Wait 10 years more however, and do the same thing for 30 years, and when you hit 65 you’ll only have $135,940 in your bank account. What that means is that you’ll have contributed three times as much but will end up with $39,000 less than if you had started 10 years earlier.
That’s the power of compound interest.
In simple terms, even a small amount of money put away for a long time can add up to quite a bit and, if you put away a small amount on a regular basis and let it sit for a long time, you could end up with quite a nest egg by the time retirement comes.

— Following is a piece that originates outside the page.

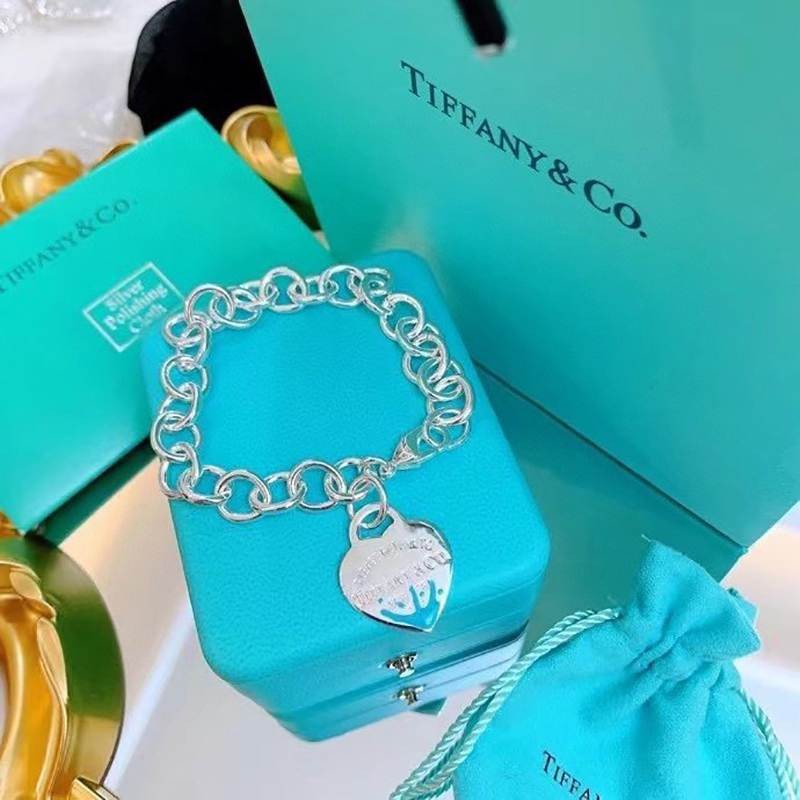 Rare color Tiffany Heart Tag Bracelet Replica Silver Tip12043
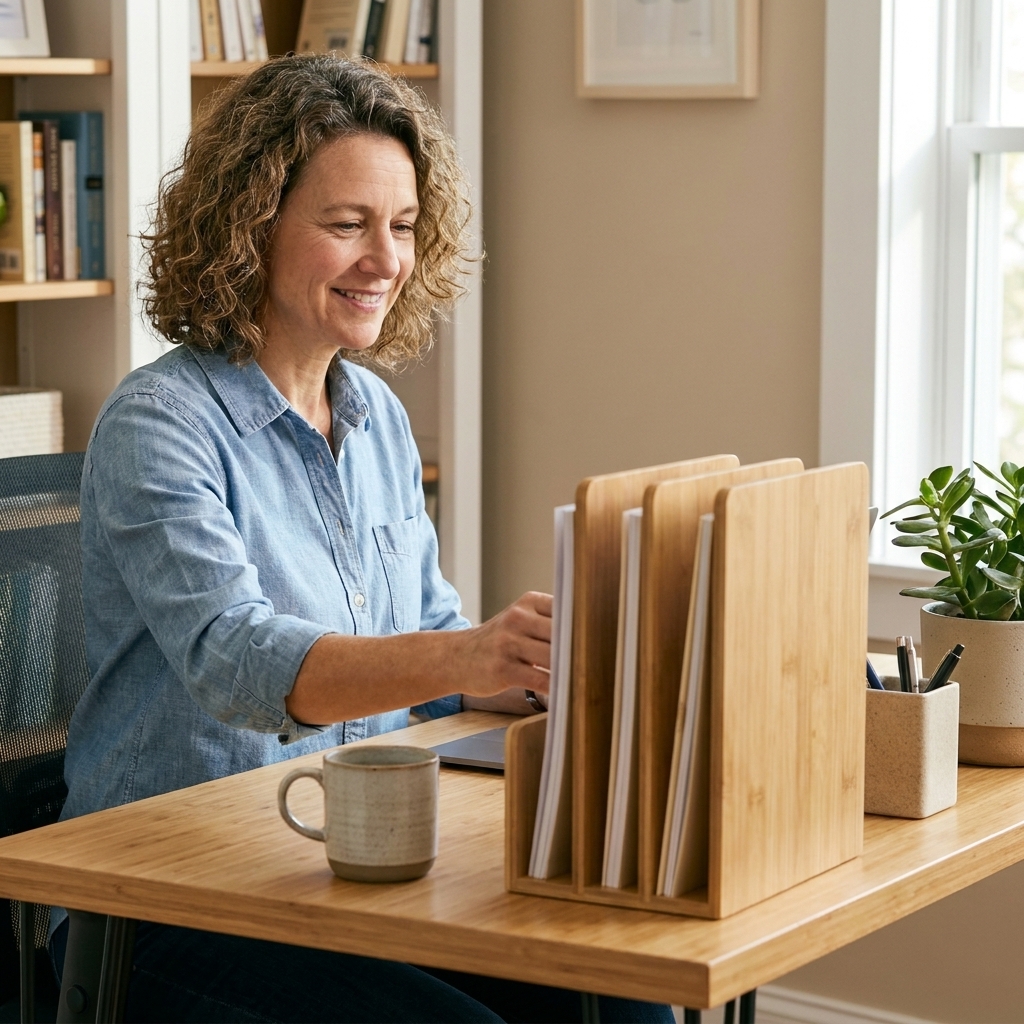 A vertical file organizer on a home office desk holding a few thin stacks of papers in separate slots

And let’s face it, how many of us can’t put away $100 a month? If you consider all of the things you waste money on, like expensive coffees, going out to eat, buying more pairs of shoes then you need, getting an expensive sports car or wasting money on bad habits like smoking or drinking, you probably waste much more every month than $100
That’s not to say that you shouldn’t have fun, not enjoy yourself and not do things that are pleasurable when you’re young. Hey, most of us old folks would love to go back to our 20s and 30s and shake things up again. At the same time however, most of us would also have the hindsight to take that $100.00 a month (or even more if possible) and put into an IRA, 401(k) or other investments where it could sit and grow (and grow, and grow).
So yes, you definitely should be saving and, if you’re in your 20s or 30s, now is definitely the time to do it. Catching up later will make it a lot more difficult and won’t let compound interest turn your small amount of money into a big amount of money. So get started today. Seriously, for $25 a week, you’d be crazy not to.